:: Problem statement ::
Pictures aside, reproduce exactly each line from the one holding "Raza hair mist _ هيرمست رزة" through the last line of the material, both ends included.

:: Data extract ::
☆ ☆ ☆ ☆ ☆
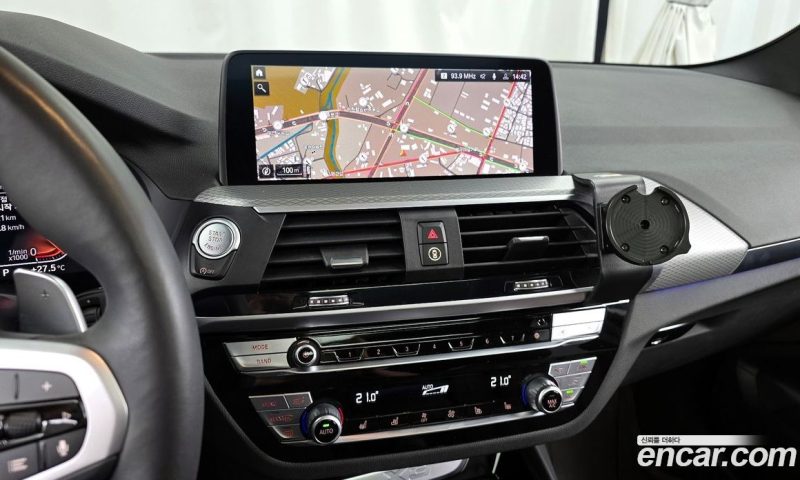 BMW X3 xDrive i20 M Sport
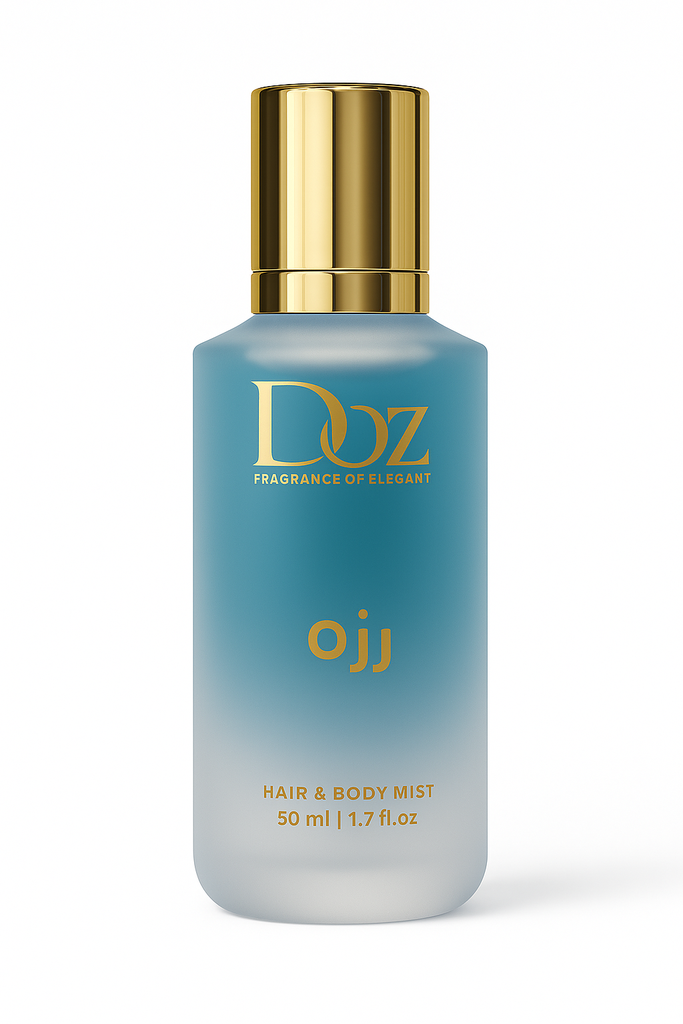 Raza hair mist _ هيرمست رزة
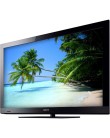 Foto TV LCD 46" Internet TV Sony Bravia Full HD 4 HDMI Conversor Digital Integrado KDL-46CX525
☆ ☆ ☆ ☆ ☆
:: Solution for this task ::
 Raza hair mist _ هيرمست رزة
 Foto TV LCD 46" Internet TV Sony Bravia Full HD 4 HDMI Conversor Digital Integrado KDL-46CX525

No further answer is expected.